One night, having left his group to sleep alone, Jacob was confronted by a manifestation. An angel came to him in his dream, but it wasn’t really a dream. If it were me, I would have hightailed it back to the group — but not Jacob. He wrestled with the angel until daybreak, determined not to give up. He faced his fear and prevailed, and in facing his fear he ended up a changed man. The Bible says the angel gave him a new name (Israel), and he never walked the same again because the angel had touched the socket of Jacob’s hip.
The things we must face in life rarely leave us unchanged. How we react to the manifestations that invade our lives often determines the way we will live our lives and the consequences or blessings we will receive. Allowing fear and any of its counterparts to be the controlling influence in our lives will more often than not deprive us of experiencing God’s blessings. Yes, there are certain aspects of fear that can help us be more careful in making decisions or choosing a course of action. But when fear dominates, keeping us from making choices, when it makes us always second guess ourselves, when it replaces our faith in God, ourselves and even others, then fear is not healthy, emotionally or spiritually. That type of fear cripples us, keeping us from growing into our full potential and moving forward in our journey.
The question is: How do we deal with the varied manifestations of fear in our lives? We begin by voicing our fears, calling them what they are. If we don’t start there, fear is going to stay put. Catherine Marshal, in her book Something More, had some stern words for people who don’t allow children to express their fears: “We may be teaching our sons (and daughters) a false basis for manliness (and womanliness). So long as we are in these bodies, we are going to be subject to the limitations of the flesh, and we will always know a degree of loneliness. To ignore these facts of life is not to nurture independent manliness (and womanliness), but to suppress fears and cram them into the subconscious where they will do further harm” (emphasis added).
We need to confess our fears to ourselves and, depending on the situation, we may need to confess our fears to certain others. And, above all, we must confess our fears to God. “Cast all your anxiety upon Him, because He cares for you,” Peter writes in 1 Peter 5. Confession is more than a psychological or emotional release; it helps to define our understanding of God, and it allows us to realize that God isn’t the enemy.
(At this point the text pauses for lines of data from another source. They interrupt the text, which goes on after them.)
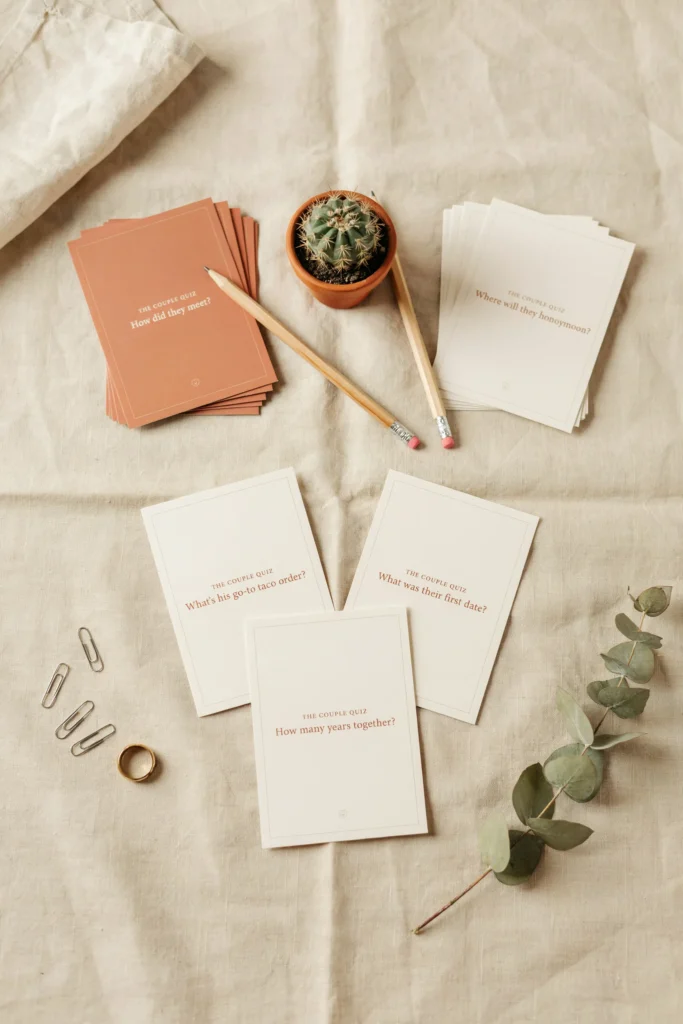 A styled game card flat lay — printed trivia cards in terracotta and cream asking questions like "How did they meet?", "What's his go-to taco order?", and "Where will they honeymoon?", laid out with mini pencils and a small cactus centerpiece.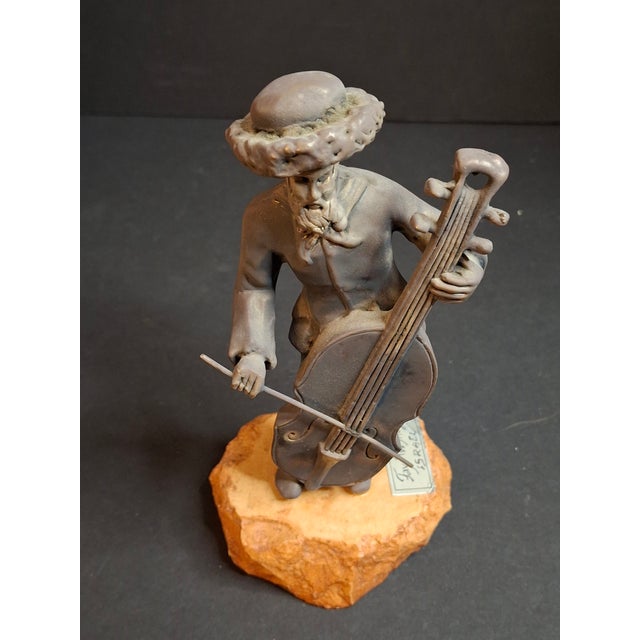 This vintage Israeli Judaica sculpture by renowned artist Fay Avishay depicts a traditional Hasidic musician playing a...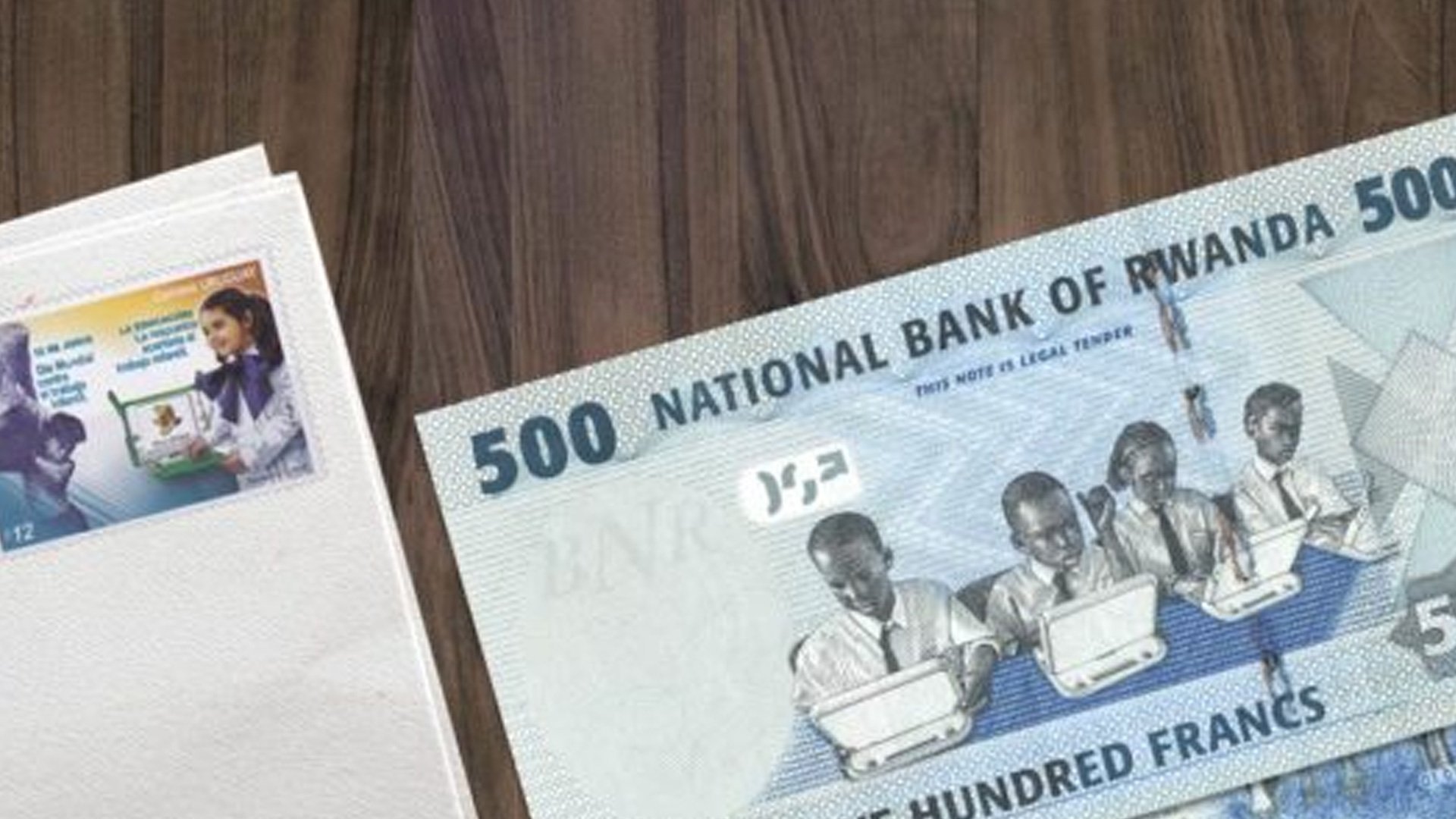 Two banknotes on a surface with paper in between, featuring Rwandan currency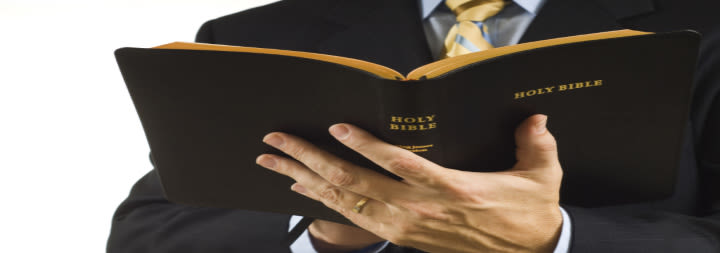 man in suit holding a bible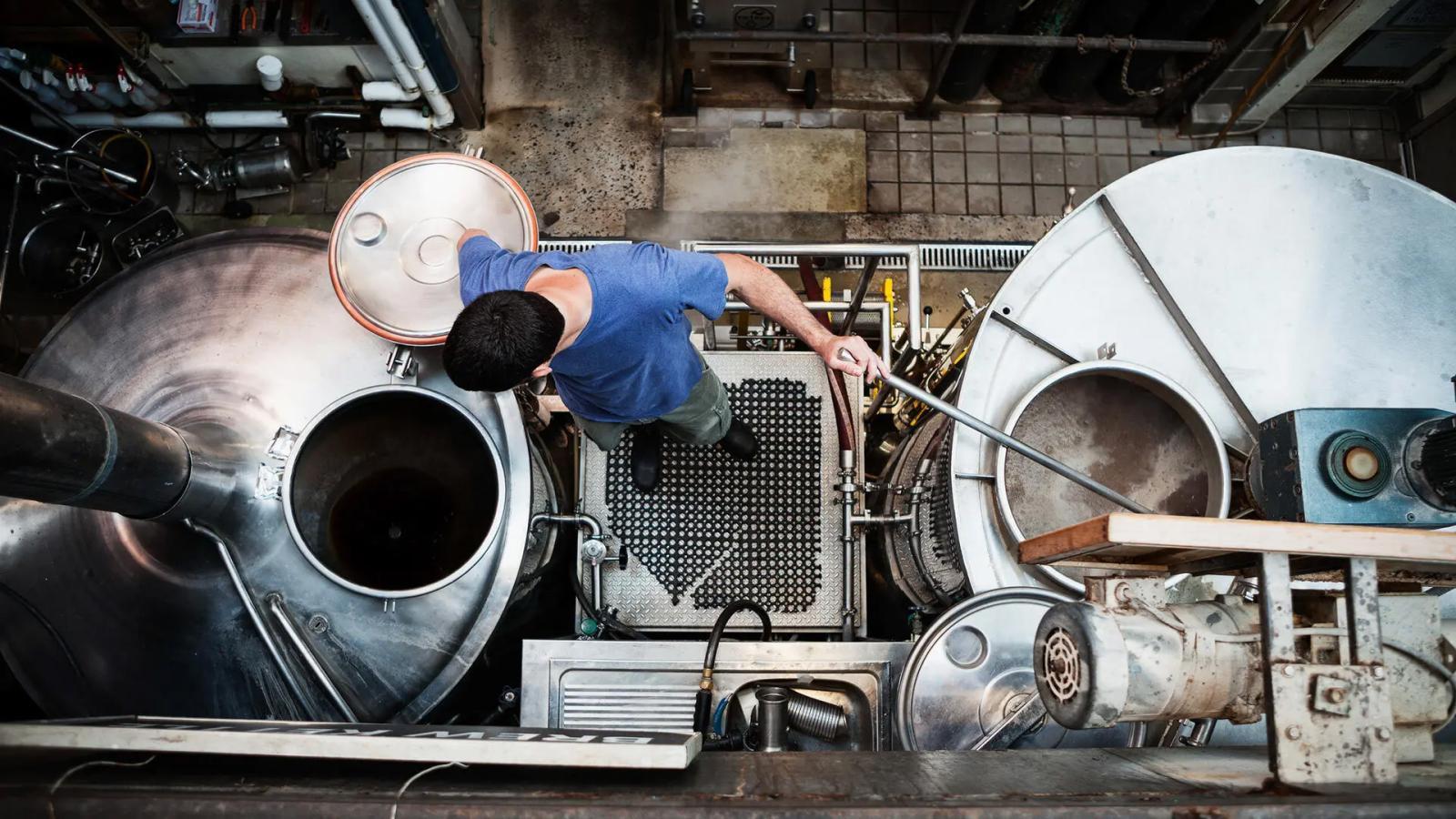 Birds eye view of man working in a brewery
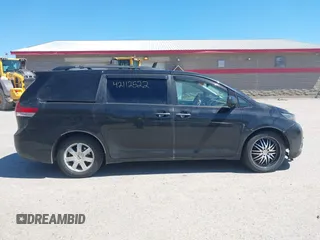 2011 Toyota Sienna XLE with VIN 5TDDK3DC8BS011975, listed as a IAAI auction lot 42112522 with 124,251 mi miles. Bid and sale history available at carsss.com. Image 13.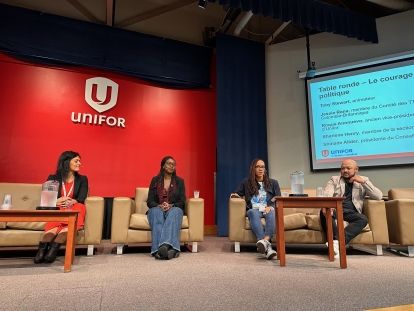 A panel of four on stage infront of a red Unifor screen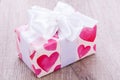 Pretty Valentines gift with hearts on the giftwrap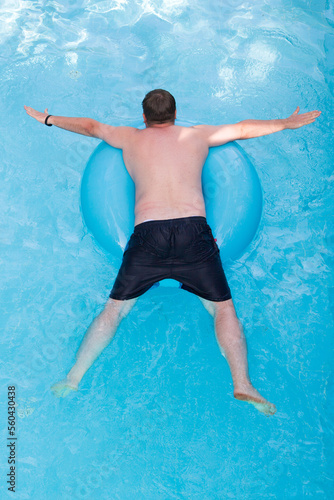 A man floats on inflatable circle, top view.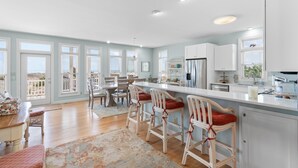 A spacious kitchen with a bar area, large windows, and a view of the outdoors.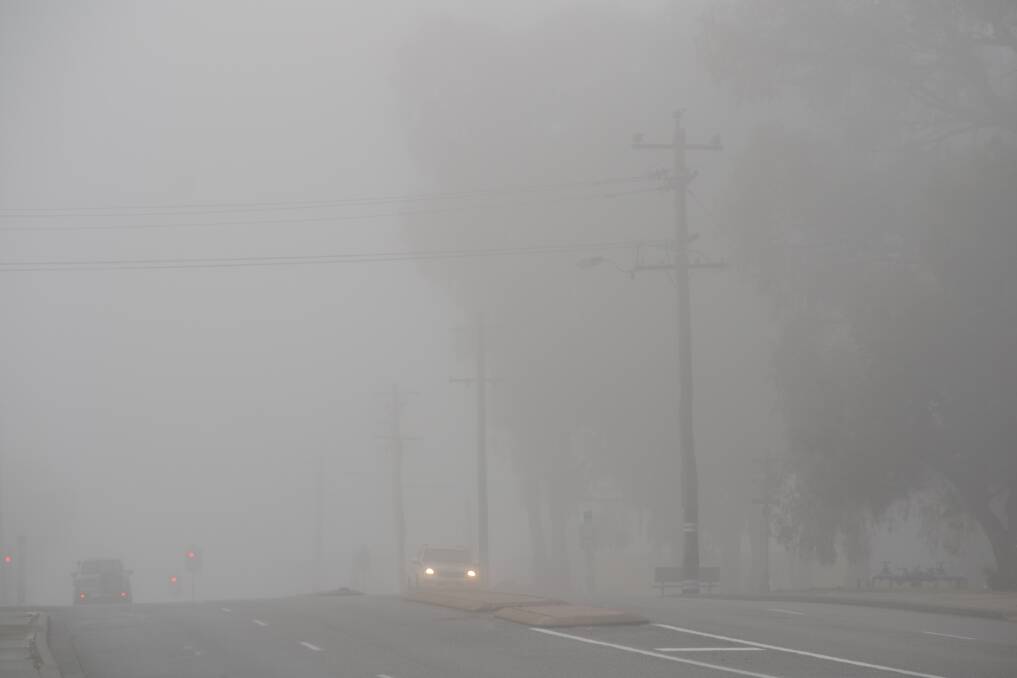 Thick fog along Pinjarra Road on Wednesday morning. Photo: Caitlyn Rintoul. 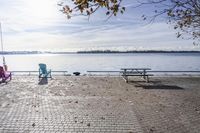 two park chairs sit on the side of the water by the river shore in fall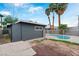A backyard pool is surrounded by palm trees and a white fence creating a private oasis at 3412 Tabor Ave, North Las Vegas, NV 89030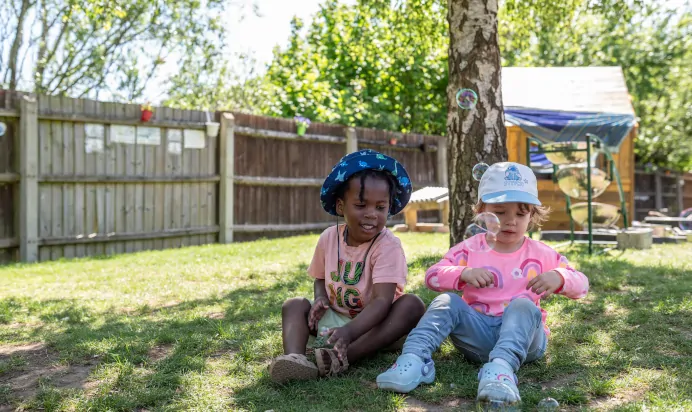 Children blowing bubbles outside at Kiddi Caru Day Nursery Preschool Wellingborough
It helps us to gain a clearer picture of what more needs to be done, in addition to confession and prayer, to help us wrestle through the fear and take possession of the land (spiritual and emotional) that God has called us to enter into.
Catherine Marshall sums up the benefits of confession and trust in God when she writes, “There is only one way to get rid of fear; like any sin, we must recognize it, confess it in true repentance, claim God’s sure promise of forgiveness, cleansing and renewal, accept these gifts, rise and get on with life. Not only new confidence, but real growth in character, follows this facing up to what we fear, provided we are acting under God’s direction.”
Eventually, Israel was able to move beyond her fear, and by trusting in God, moved in and took possession of the land — but only after a whole generation had died. And Jacob finally got back together with his brother. He was a changed man. He viewed his life differently. His focus was on God, not himself, though he still had his moments. He still had his fears to wrestle with. But God’s grace is far greater than our fears. His forgiveness is deeper than our failures. God will manifest himself in some really interesting ways. Odds are, we will never walk the same again!